Work to be completed. Reproduce the data in full, exactly as given, leaving images out.
[Opening Source material section]
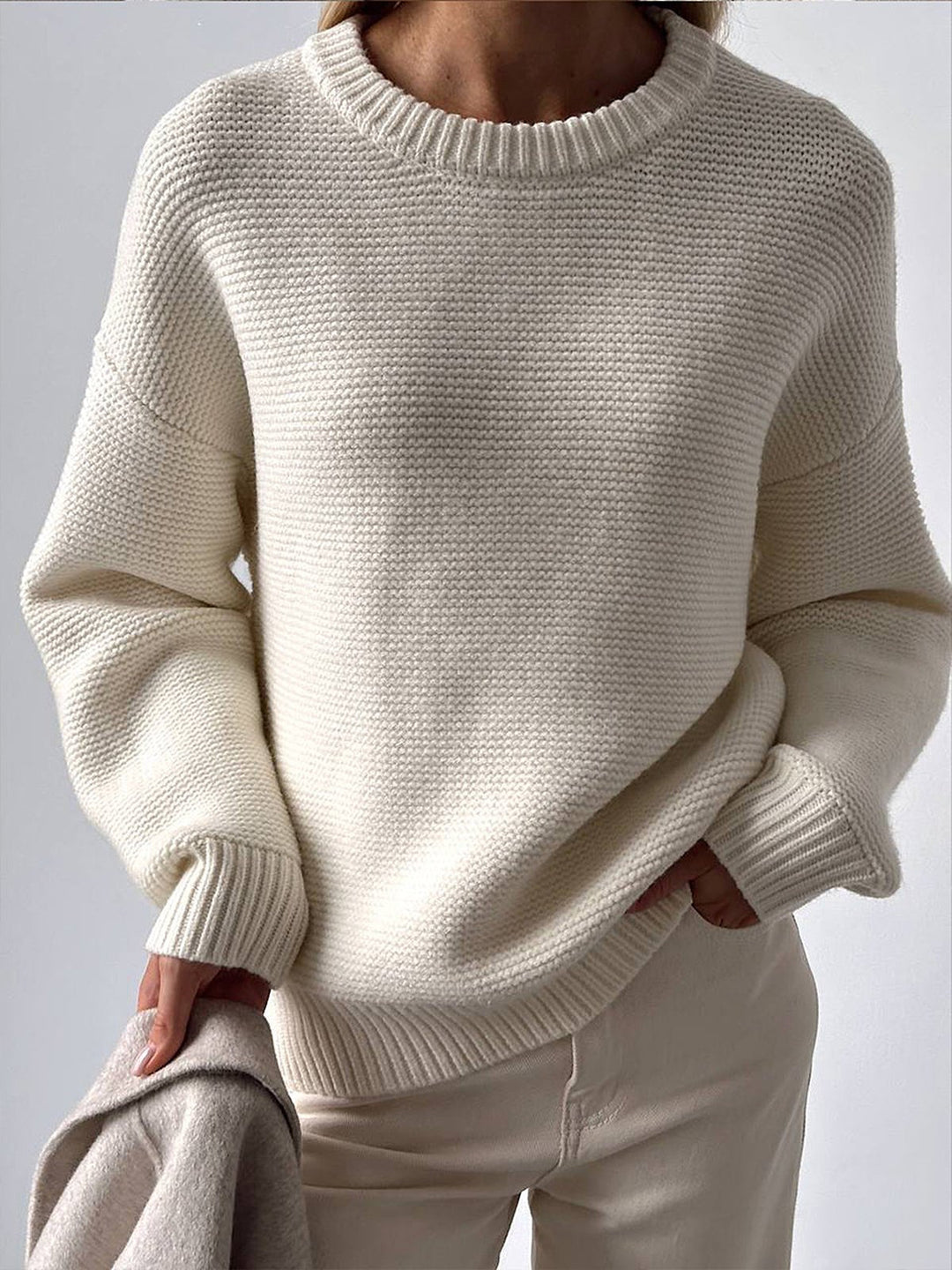 Women's Knitted Jumper in White - photo 1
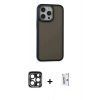 MARSİLYAN™- iPhone 15 Pro Max Kılıf Eksen Işık - Siyah Bilvis 0.18mm Plus Cam Ekran Koruyucu + PVD Metal Kamera Lens - LT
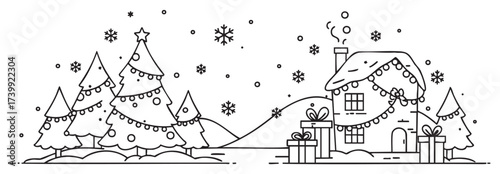 Black outline drawing of a snowy winter landscape featuring decorated christmas trees, a cozy house with a chimney, and falling snowflakes.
[Closing Source material section]
Written answer.
 Women's Knitted Jumper in White - photo 1
 MARSİLYAN™- iPhone 15 Pro Max Kılıf Eksen Işık - Siyah Bilvis 0.18mm Plus Cam Ekran Koruyucu + PVD Metal Kamera Lens - LT
 Black outline drawing of a snowy winter landscape featuring decorated christmas trees, a cozy house with a chimney, and falling snowflakes.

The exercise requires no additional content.